Live Nation worked with the Humane Society of the United States, which recognizes three accredited organizations – the Global Animal Partnership, Certified Humane and Animal Welfare Approved, to make changes at all LN owned and operated amphitheatres.
Yost said, “These folks create guidelines about how animals are raised and harvested and how they’re treated while they’re alive. Not only does it take better care of the animals and better care of the planet but it creates much better quality product, which is in everybody’s best interests.” As for the vegan and vegetarian options, many items have a great mass appeal with omnivores and Live Nation had to double and triple production to keep up with demand.

Tanner Watt, who served as the associate director of the Sustainable Biodiesel Alliance and now manages partnership and program development at Reverb, talked up the benefit of using biodiesel, a renewable fuel that’s made from vegetable oil or animal fat, for touring. He pointed out that it “burns almost 80 percent cleaner than petroleum diesel and you can do it in blends as well. … Any step in that direction is a great way to reduce your emissions.”

Watt recommend that artists and their teams talk to bus leasing companies about whether it’s OK to use this fuel and if you have difficulty finding biodiesel, go to to find a national map of biodiesel distributors across the U.S.

Small changes can be made by switching to CFL light bulbs, higher efficiency fixtures and low-flow toilets. Watt noted that some of these options are cheap, while some aren’t initially, but almost all save money over a long period of time. John Marler, senior director of energy and environment at AEG, explained that AEG tracks sustainability progress through annual EcoMetrics reports that cover a bunch of data including electricity use at venues and gallons of diesel used, etc.

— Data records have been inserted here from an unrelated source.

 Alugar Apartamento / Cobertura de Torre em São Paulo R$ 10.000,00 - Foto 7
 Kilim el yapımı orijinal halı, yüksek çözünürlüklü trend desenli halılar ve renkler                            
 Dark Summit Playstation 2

The company issues newsletters to employees to highlight progress and hosts an award program to recognize achievement. When it comes to engaging fans, Marler recommends making sure it’s a message that’s going to be well received.

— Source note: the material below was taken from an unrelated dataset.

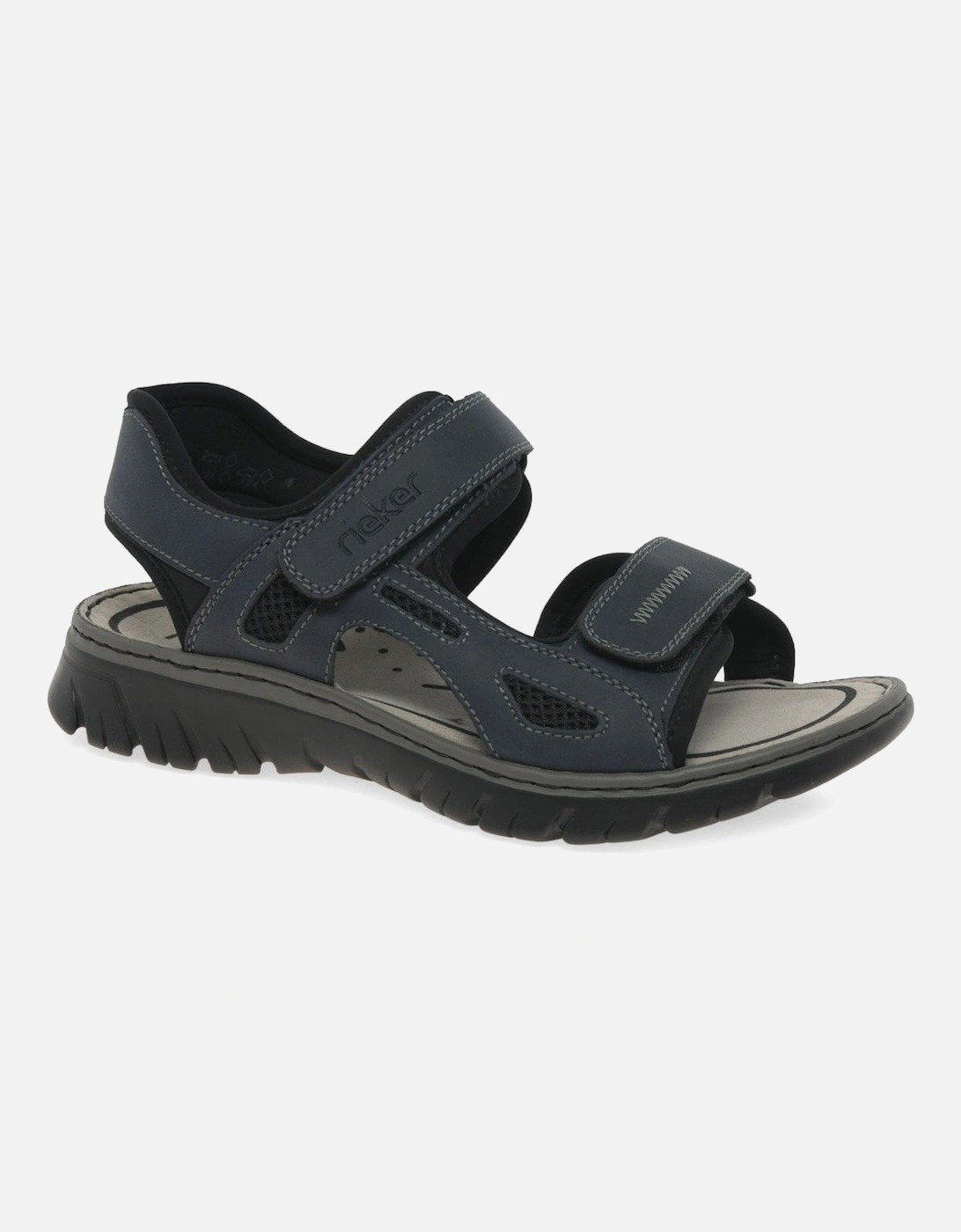Harbour Mens Casual Sandals, 7 of 6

“One of the problems in the sustainability space is this stuff is depressing. It's complicated and overwhelming. We try to keep it positive, inspiring – a tip they can take into their lives. … It’s basic stuff – try to use public transportation, bike, make sure you put recycling into the proper receptacles. Small things – take only as many ketchup packets that you need. If you don’t need a knife, just take the fork. Easy, simple, fun, inspiring. Just trying to get the message out."

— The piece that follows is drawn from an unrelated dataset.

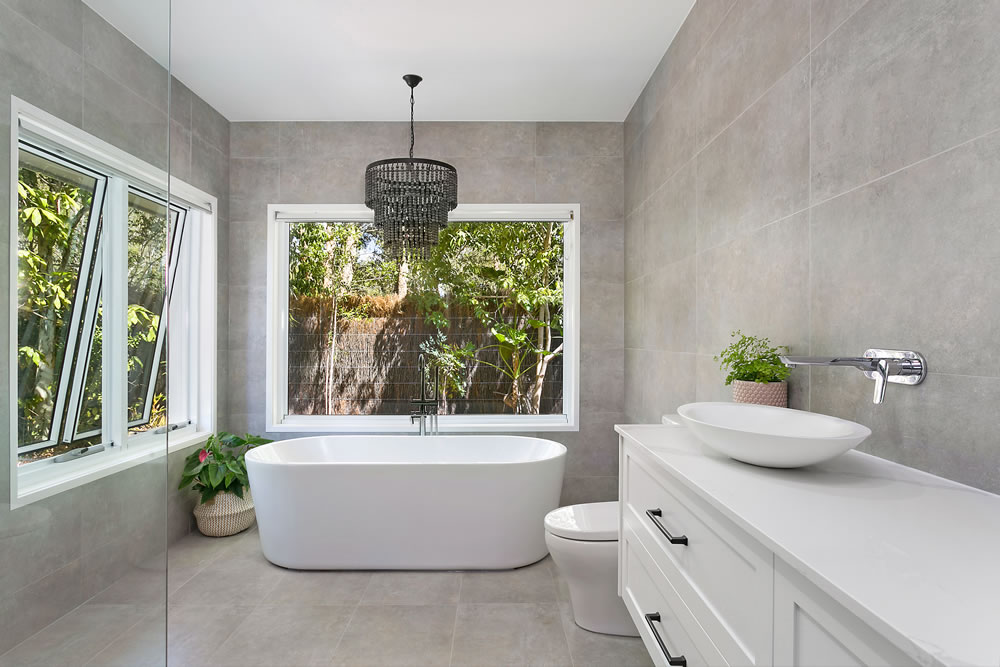 What Are The Benefits Of Remodeling Your Bathroom?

RPM co-founder Erin Potts added, “This is definitely a moment. Sustainable practices are inevitable in any industry that you’re in. I think there’s momentum right now in the music industry to make this happen as easily as possible. … What we’re hearing over and over again is that there is an opportunity to do good while doing business. Let’s keep collaborating and sharing ideas and keep that forward motion going.”